2000年末の4か国の残高は、エジプト200億ドル、トルコ188億ドル、サウジアラビア176億ドル、UAE11億ドルであり、UAE以外の3か国はほぼ同じ水準であった。大きく動き出したのは2000年台に入ってからであり、2010年末になるとサウジアラビアの残高は2000年の10倍1,764億ドルに増加、またトルコはサウジアラビアをしのぐ1,877億ドルに達している。2000年末に11億ドルにすぎなかったUAEは60倍の639億ドルとなっている。
トルコは2010年以降は増減を繰り返し1,500億ドルを上下しており、2016年の残高は1,329億ドルである。これに対してサウジアラビアは2010年以降一貫して残高を増やしており、2013年以降は残高2千億ドル以上を続け、MENA諸国の中で飛び抜けた水準を維持している。
2010年末に639億ドルであったUAEの残高はその後も漸増し、2016年末は1,179億ドルを記録している。UAEでは2008年のリーマン・ショック後、ドバイへの投資が低迷したが、UAE全体としての投資残高が減ることはなかった。但し油価の下落に伴い一昨年後半からは投資が鈍る傾向にあり、残高は頭打ちの状況である。

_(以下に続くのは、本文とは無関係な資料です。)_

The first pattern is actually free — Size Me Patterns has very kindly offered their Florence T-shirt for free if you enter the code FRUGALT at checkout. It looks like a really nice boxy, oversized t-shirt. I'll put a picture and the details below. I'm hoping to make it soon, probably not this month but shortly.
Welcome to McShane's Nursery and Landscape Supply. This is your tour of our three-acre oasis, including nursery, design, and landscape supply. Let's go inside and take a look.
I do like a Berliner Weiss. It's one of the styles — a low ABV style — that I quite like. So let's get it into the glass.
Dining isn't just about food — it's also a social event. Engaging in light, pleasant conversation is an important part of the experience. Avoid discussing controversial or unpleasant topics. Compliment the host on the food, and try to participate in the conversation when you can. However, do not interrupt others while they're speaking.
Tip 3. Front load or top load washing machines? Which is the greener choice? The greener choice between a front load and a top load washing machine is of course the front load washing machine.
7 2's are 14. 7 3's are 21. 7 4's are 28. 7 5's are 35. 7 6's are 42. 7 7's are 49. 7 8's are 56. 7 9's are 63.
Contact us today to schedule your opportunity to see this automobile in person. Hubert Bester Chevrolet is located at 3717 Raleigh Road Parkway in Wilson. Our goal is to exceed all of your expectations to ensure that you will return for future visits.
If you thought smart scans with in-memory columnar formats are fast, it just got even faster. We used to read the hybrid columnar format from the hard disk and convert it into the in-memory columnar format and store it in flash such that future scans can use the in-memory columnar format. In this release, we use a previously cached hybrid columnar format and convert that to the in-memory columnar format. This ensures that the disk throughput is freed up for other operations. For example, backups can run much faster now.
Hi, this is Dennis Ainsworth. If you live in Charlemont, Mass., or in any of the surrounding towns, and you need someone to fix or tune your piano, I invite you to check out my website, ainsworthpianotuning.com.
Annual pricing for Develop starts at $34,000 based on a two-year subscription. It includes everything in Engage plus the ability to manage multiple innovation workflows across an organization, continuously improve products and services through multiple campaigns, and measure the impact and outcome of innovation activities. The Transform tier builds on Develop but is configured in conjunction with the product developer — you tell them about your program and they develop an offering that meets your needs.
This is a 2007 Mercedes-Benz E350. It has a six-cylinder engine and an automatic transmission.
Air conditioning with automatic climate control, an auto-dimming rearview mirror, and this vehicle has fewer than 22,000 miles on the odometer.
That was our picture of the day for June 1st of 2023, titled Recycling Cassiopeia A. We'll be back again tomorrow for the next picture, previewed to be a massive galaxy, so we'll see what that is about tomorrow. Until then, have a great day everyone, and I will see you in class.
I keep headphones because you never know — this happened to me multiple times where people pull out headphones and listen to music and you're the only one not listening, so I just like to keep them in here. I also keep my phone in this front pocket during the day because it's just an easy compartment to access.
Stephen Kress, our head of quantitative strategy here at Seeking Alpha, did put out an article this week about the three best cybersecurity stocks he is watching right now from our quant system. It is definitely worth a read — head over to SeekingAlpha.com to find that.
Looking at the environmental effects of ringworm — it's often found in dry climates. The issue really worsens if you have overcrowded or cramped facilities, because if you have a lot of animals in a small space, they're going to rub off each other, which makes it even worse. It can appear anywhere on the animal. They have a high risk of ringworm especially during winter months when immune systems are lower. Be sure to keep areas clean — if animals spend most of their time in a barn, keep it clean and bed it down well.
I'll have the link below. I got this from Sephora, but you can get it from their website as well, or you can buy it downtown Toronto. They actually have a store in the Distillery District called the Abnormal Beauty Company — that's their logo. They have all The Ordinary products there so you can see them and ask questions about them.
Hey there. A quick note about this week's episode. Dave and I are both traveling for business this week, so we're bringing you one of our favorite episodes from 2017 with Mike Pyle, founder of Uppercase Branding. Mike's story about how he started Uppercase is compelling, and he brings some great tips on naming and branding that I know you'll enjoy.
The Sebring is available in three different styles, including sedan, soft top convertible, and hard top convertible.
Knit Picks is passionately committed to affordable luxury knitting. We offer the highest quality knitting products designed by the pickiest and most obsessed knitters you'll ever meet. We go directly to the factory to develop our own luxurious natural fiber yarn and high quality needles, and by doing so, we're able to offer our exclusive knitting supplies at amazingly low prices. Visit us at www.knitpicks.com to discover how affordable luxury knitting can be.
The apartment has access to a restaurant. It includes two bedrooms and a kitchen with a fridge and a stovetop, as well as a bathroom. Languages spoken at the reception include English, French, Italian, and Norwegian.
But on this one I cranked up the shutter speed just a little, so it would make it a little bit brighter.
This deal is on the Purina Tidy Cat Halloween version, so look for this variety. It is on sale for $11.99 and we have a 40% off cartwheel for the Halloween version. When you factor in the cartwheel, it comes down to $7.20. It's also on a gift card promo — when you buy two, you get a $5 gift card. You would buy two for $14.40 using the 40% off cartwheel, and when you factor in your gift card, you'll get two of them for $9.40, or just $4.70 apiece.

エジプトの2000年末残高は200億ドルでトルコ、サウジアラビアをしのぎMENAではイスラエルに次ぐ大きさであった。2000年以降の同国の残高は2010年まではUAEと肩を並べるペースで成長してきたが、それ以降は増加が鈍っており、特に2010年から2012年までは700億ドル台前半で足踏み状態を続け、昨年以降漸く増加の兆しが見えてきた。2016年は1,023億ドルと残高が初めて1千億ドルを超えた。同国の政治はムバラク政権崩壊からムスリム同胞団によるムルシ政権、さらにはシーシ軍事独裁政権の復活とめまぐるしく変動して経済も大きく悪化したため外国からの投資が停滞した。しかし2014年後半は政情が安定、それに伴って外国(特に湾岸諸国)からの投資は活発であり残高が上向く兆候が見られる。